They say a picture is worth a thousand words. That’s why getting the right photos of your home are critical.

Before having your home photographed or, in some cases, videotaped, you’ll want to make sure that it’s in the best possible shape. But what exactly does that mean?

Getting your home ready for a photo shoot is not quite the same as getting it ready to have dinner guests. Yes, there are the same cleaning rituals such as dusting, and picking up items lying around the house. But making a home picture perfect is about creating an atmosphere that’s welcoming, interesting, and beckons viewers.

How is that done? Professional home photographers use the right equipment to get the job done. Wide angle lens to make the home look larger and show off adjacent rooms in a single photo are one good method. Early morning and late afternoon photo shoots make use of the best lighting times in the day.

Whether you’re going to photograph your home or have a professional do it, adding some props and taking away the clutter will be top priorities.

Let’s start with empty rooms. Showing an empty house isn’t ideal for in-person visits or pictures. Why? You can’t get a feel for how to use the space and when you see an empty room in a picture and it’s hard to grasp its size. The Wall Street Journal suggests bringing in props, such as furniture (even just a chair and small table), that will help give the viewer a sense of scale.

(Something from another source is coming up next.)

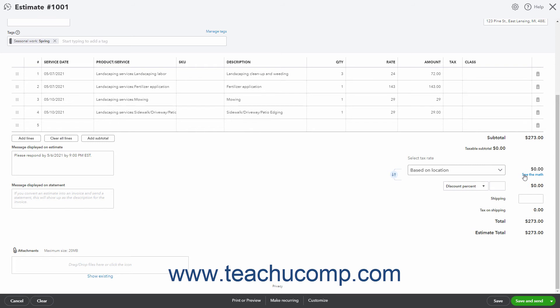You can then click the adjacent Confirm button to confirm the override. You can then close the pane by clicking the Close button in its lower right corner.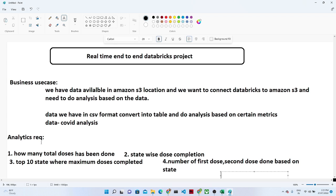The data is based on COVID, and the analytics requirements we are going to solve include: how many total doses have been administered, state-wise dose completion, the top 10 states where COVID doses have been completed, and the number of first and second doses done based on state.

If at all possible, rent, borrow, or beg your friends for furniture to have at least a few objects in the room. You don’t need as many pieces of furniture as you would have if you’re living in the home — just some nice tables, lamps, and chairs to create a homey mood.

If you have to photograph the room empty, use a wide-angle lens and capture a bit of an adjoining room like a bathroom–this adds depth and interest. And always use a tripod.

Kitchen comfort. Here’s where you get to have some fun. Think of yourself as a set designer. Your job is to look closely at your kitchen and tuck away all the unnecessary objects. If you leave out an appliance (maybe a good-looking stainless steel one) hide the cord. The appliance isn’t there for use–it’s just a prop.

Now, add some other props–a basket of colorful fruit in a clear glass bowl (nothing too distracting). A plate of cheese and bread with a wine bottle nearby helps set a scene to make the viewer feel welcome.

Clouds are our friends. When you’re shooting outside, a bright sunny day isn’t always the photographer’s friend. If there are big trees and the sun is creating dark shadows, that can make parts of your photo look dreary. Clouds can greatly add mood to the photo without distracting from the exterior shot of a home. On an overcast day, the shadows aren’t as strong and the flowers can actually show up better.

But before you snap that exterior photo, put away those unsightly garbage cans, the seasonal decorations, and those “no soliciting” signs. Remember, you’re making your home not only picture-perfect but also model-home perfect too… and that could be priceless.